Her mouth fell open. “What? No. That can’t be.”

“It’s true.” He grinned. “But if you want to tell me how young I look, I won’t object.”

She smiled. “You can angle for compliments all you wish, my handsome husband. But I still don’t understand. How can you look so young?”

“Good genes and exercise, I suppose. Also, the nanomeds in my body do some repairs, enough to help delay aging.” He hesitated. “Did you really mean what you said this afternoon, about wanting me to stay with you?”

“Yes.”

“Even though you could have your betrothed back if we arranged for me to ‘die’?”

“Jax Ironbridge is a—” The word slug tempted her, but she held it back. No more appropriate word came, though. She kept imagining a slug making its way through the mud.

Vyrl laughed. “You can compare my competition to all the slimy creatures you want.”

“I would never speak ill of Ironbridge’s good name.”

“You’re tact is laudable.” He closed his eyes. “I like your worm images better, though.”

She stroked his forehead. “Lionstar Province has no worms.”

A guilty look passed over his face. “I don’t really have a province on this planet.”

“Of course you do.”

“I do?”

“Argali and our villages.” She thought of Azander. “Your stagmen come from outlying hamlets, yes?”

“That’s right.”

“Most of those hamlets were originally part of the North Sky Islands. But they’ve become unattached.” It appalled Kamoj, actually.
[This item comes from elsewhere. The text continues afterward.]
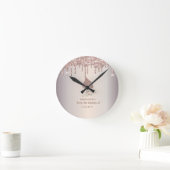 Horloge Ronde Glitter Whisk Rose Gold Glitter Drips Bakery    (Maison)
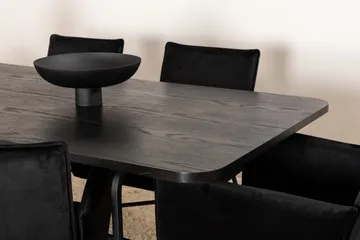 Unos Spisegruppe 200 cm inkl. 6 Pippi Stoler - Svart - Møbler - Bord - Spisegruppe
Rather than trying to support villages so distant and so impoverished, past governors of the Islands had ignored them, until finally, after many generations, the villages lost all association with their former province-and with that, their last hope of survival. “If their stagmen are your sworn liegemen, then you are also now the authority in their villages.”

He opened his eyes. “What does that mean, exactly?”

“A union such as ours is a merger. A business arrangement. In marrying me, you agreed to help support my people.”

“In other words, responsibilities come with power.”

She took a breath. “Yes.”

“Such as?”

“Food. Work. Tools. Shelter.” Softly she said, “Survival.”